Supporting CSS prefers-contrast

🕑3 minute readJames IvesJames Ives

The level 5 CSS Media Query specifications include a number of system level preferences that you can access within your web applications. The ones which have been widely adopted so far are prefers-color-scheme and prefers-reduced-motion. There is another coming soon however which is worth talking about, and that’s prefers-contrast. In this post we’ll explore this option and how you can prepare to utilize it to better support and respect user preferences.

Contrast at a Glance

Contrast ratio is the ratio between the maximum and minimum brightness, or in other words, the ratio between the brightest white and the darkest black. The WCAG (Web Content Accessability Guidelines) recommend a minimum contrast ratio of 4.5:1 (with large text recommended at 3:1 or higher) which is a great starting point that covers a wide variety of users. So why do we need this media query if we’re meeting a certain contrast ratio already? It’s better to think of those guidelines as a minimum requirement and not as a one size fits all solution. Simply put some users have a preference in regards to contrast for a variety of different reasons and we should respect that election and provide it where we can. Using the prefers-contrast media query you can determine if a user has made those choices and tailor your application design around it.

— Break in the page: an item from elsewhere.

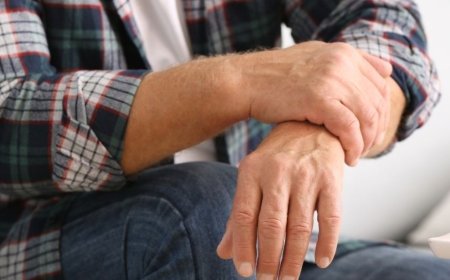 Einen Monat vor meinem Schlaganfall begann mein Körper, mich zu warnen. Hier sind die ersten Symptome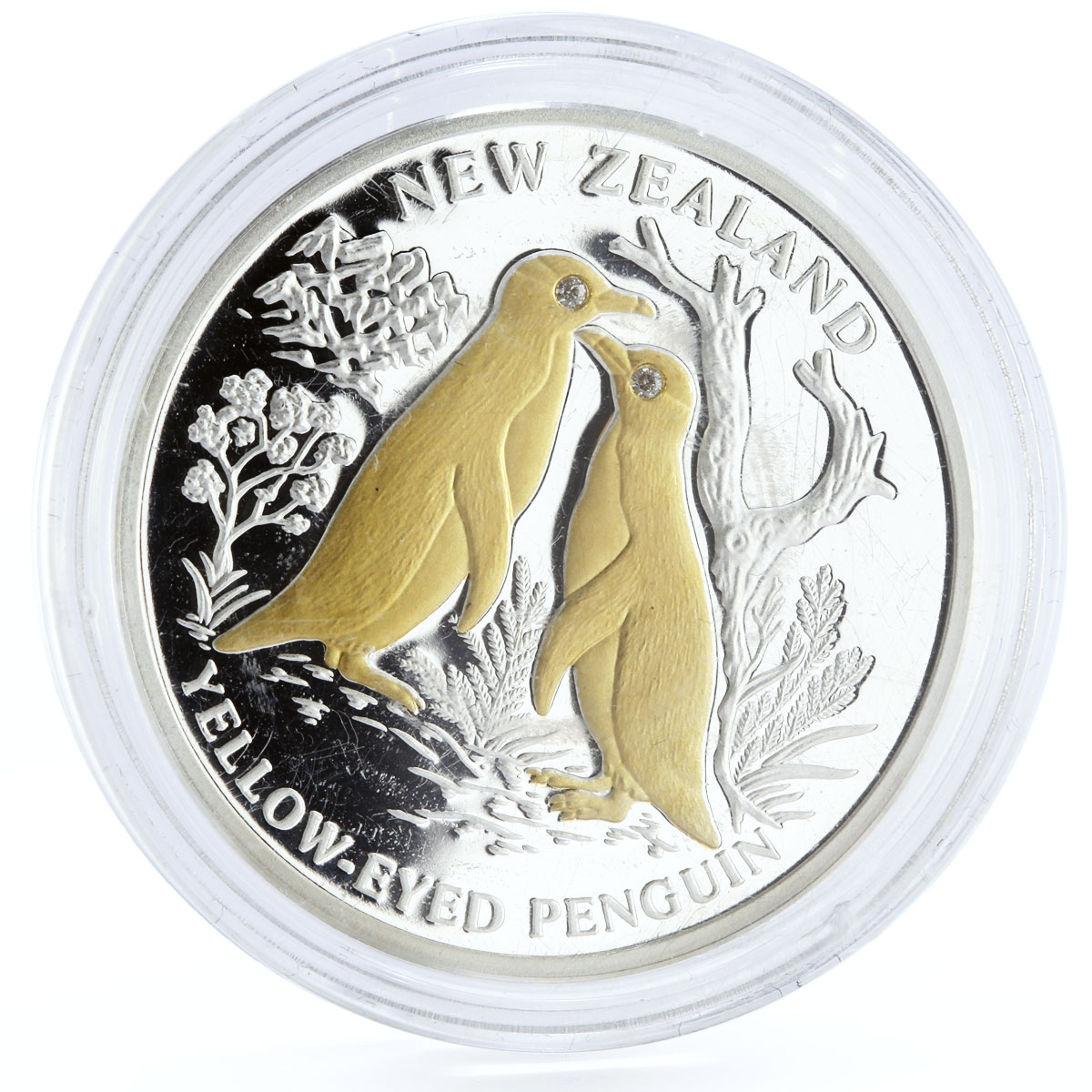 Liberia 10 dollars New Zealand Yellow Eyed Penguin Fauna gilded silver coin 2004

One example where a higher contrast may be preffered is cataracts. The following quote is taken from webaim.org who do a good job at describing cataracts along with a number of other vision related needs:

Individuals with cataracts have areas of opacity in the lens of their eyes, which creates a blurred or hazy effect, especially in bright light. Text may be difficult to distinguish from the background. High contrast is especially important for people with advanced cataracts.

Using the Media Query

Using prefers-contrast is pretty straight forward and works like any other CSS media query. The available options include more, less, and no-preference which represents the default. The more value indicates that a user would like to have more contrast, where as less indicates the opposite.

img {
  // Fallbacks work the same way as no-preference.
  filter: contrast(1);
}

@media (prefers-contrast: more) {
  img {
    filter: contrast(1.5);
  }
}

@media (prefers-contrast: less) {
  img  {
    filter: contrast(0.5);
  }
}

You can combine these options with other media queries such as prefers-color-scheme to better shape your applications towards a variety of different users based on their preferences. In the example below I’ve made individual adjustments to the more preference depending on the color scheme the user prefers.

@media (prefers-color-scheme: dark) {
  // dark mode styles
}

@media (prefers-color-scheme: dark) and (prefers-contrast: more) {
  // dark mode styles with more contrast
}

@media (prefers-color-scheme: light) {
  // light mode styles
}

@media (prefers-color-scheme: light) and (prefers-contrast: more) {
  // light mode styles with more contrast
}

Like other media queries these can also be referenced using JavaScript via the window object. If more|less|no-preference all return matches: false you can safely assume the users browser does not have support for this media query yet.

window.matchMedia('(prefers-contrast: more)')
// > MediaQueryList {media: "(prefers-contrast: more)", matches: true, onchange: null, addListener: function, removeListener: function, …}

window.matchMedia('(prefers-contrast: more)').matches
// true

The following example provides insight into your preferences. The animations will stop if you prefer reduced motion, and the contrast will increase or decrease based on what you’ve specified so long as it’s supported by your browser. Deja vu?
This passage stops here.